So when does your week really start and end? Why ask this? Because it’s a key to getting things done, and it’s best illustrated with two stories.

  • I use Scrum-style personal time management. Part of that is having Sprints, similarly-sized periods of work you plan and have reguarly. I used to use a month-long Sprint, moved to two weeks, then moved to a week as my life had gotten more variable. Originally my “sprint weeks” started on Sunday and ended on Saturday – which ruined my weekend. Now my “real” week is Monday to Sunday.
  • I’ve worked with development teams who use Scrum, and their Sprints are two weeks long. Despite having the usual workweek, their Sprints start on a Wednesday and end on a Tuesday. Why? Because Wednesday worked better, since no one wants to do elaborate planning Monday or Friday, and Tuesday and Thursday were basically Monday and Friday Junior. Wednesday was perfect (and worked really well).

So look at the way you plan your work for the week. What day is really the best day to end your week and make sure things are done? What day is really the best day to start your week and make sure you know what to accomplish. Your answer isn’t necessary going to be mine or anyone else you know’s – it’ll be yours.

The best day to end your week is one where you can catch up, round up, and plan for the next week. That could be a quiet Friday each week, or a raucous Monday when you figure out where you are after the previous week.

The best day to start your week is one where you can dive in and get going, knowing where you are and what is ahead of you. Maybe that’s a Wednesday, a hump-day where everything is clear and you can get energized. Maybe it’s a Saturday, and your “real” week starts with the weekend to relax.

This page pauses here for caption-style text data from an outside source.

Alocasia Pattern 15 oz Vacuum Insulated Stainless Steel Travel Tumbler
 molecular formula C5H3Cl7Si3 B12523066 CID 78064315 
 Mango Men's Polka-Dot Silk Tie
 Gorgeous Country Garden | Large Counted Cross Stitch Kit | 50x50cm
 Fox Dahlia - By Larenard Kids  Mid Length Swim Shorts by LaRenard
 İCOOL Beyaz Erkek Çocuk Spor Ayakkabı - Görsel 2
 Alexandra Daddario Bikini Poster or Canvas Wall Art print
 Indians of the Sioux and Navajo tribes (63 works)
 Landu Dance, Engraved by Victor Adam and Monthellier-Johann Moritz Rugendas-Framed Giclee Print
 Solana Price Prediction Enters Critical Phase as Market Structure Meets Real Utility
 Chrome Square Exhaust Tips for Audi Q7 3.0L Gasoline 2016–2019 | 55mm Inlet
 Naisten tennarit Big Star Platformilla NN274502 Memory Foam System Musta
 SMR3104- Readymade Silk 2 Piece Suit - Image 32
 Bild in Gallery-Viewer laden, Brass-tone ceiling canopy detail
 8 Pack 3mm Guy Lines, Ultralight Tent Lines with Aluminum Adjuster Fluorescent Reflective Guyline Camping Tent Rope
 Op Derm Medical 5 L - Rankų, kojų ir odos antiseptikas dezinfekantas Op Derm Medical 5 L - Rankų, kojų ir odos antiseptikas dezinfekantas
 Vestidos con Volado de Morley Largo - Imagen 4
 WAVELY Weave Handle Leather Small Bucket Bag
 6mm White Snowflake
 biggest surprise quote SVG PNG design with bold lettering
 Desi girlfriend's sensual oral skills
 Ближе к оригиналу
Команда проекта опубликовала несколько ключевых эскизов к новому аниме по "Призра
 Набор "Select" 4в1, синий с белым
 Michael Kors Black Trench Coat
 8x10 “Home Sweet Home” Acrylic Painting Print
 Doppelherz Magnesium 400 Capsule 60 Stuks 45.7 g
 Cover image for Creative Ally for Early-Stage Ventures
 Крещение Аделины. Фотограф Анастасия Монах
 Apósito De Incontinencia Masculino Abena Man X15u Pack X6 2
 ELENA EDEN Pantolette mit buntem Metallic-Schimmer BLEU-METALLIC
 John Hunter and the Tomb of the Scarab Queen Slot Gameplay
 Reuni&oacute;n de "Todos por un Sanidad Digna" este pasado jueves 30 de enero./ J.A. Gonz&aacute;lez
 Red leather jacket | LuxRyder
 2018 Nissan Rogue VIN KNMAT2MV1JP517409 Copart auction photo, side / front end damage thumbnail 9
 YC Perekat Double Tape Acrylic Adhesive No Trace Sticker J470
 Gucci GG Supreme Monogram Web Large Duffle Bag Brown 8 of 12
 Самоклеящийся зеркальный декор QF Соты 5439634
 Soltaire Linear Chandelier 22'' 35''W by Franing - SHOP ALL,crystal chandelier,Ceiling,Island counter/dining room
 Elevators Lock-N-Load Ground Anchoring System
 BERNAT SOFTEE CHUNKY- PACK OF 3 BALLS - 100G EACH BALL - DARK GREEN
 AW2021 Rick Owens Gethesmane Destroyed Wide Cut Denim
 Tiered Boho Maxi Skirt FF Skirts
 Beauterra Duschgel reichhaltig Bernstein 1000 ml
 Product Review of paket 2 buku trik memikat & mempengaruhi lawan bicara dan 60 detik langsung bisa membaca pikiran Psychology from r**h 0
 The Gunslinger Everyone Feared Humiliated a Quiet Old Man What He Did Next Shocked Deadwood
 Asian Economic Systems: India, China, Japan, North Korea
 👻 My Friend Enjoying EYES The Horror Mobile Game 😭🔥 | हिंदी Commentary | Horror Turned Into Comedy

But there’s more. Consider the other ways you can apply this “best time”:

Daily. What times of day do you work best? Are you a morning person? Evening person?

Monthly. What’s the best day of a week or a month to look at long-term plans?

Yearly. What month in a year is good to assess your big picture goals? Or to take a break from your elaborate plans.

Either way, start by looking at your week, your own personal week, and asking when it really ends and begins – in a way that’s best for you. With that knowledge, you can rethink your whole plans – and like me, you might be surprised.